Check each line of the records below for the word "Used" and copy those where it appears.
STORED DATA below:
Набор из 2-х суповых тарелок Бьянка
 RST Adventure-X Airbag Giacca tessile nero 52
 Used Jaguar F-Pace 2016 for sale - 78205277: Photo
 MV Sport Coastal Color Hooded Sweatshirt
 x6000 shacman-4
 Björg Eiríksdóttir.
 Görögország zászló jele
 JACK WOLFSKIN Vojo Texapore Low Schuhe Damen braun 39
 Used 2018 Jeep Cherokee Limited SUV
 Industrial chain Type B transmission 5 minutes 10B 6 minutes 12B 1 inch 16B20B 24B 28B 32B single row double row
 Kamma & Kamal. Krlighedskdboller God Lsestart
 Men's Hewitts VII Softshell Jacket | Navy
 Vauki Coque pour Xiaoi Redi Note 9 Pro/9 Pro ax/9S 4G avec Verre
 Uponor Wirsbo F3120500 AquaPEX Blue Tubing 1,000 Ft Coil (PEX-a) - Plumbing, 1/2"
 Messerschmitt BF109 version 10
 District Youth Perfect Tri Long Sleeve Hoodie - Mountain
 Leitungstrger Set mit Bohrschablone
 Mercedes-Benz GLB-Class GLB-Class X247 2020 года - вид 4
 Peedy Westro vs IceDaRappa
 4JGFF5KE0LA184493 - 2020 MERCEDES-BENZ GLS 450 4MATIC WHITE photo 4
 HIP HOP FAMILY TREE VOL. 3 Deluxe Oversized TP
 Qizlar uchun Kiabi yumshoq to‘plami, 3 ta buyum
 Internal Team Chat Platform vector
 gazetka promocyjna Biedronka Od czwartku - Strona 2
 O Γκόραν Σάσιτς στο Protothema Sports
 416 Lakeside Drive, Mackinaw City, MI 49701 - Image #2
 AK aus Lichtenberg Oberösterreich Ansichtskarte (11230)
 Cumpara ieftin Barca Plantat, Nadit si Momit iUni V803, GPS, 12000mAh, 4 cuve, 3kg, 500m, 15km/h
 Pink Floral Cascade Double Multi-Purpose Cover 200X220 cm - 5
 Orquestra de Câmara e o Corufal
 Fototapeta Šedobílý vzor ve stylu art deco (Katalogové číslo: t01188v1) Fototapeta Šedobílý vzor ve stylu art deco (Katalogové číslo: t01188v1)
End of STORED DATA.
▶ [RESPONSE FOR THIS EXERCISE]:
 Used Jaguar F-Pace 2016 for sale - 78205277: Photo
 Used 2018 Jeep Cherokee Limited SUV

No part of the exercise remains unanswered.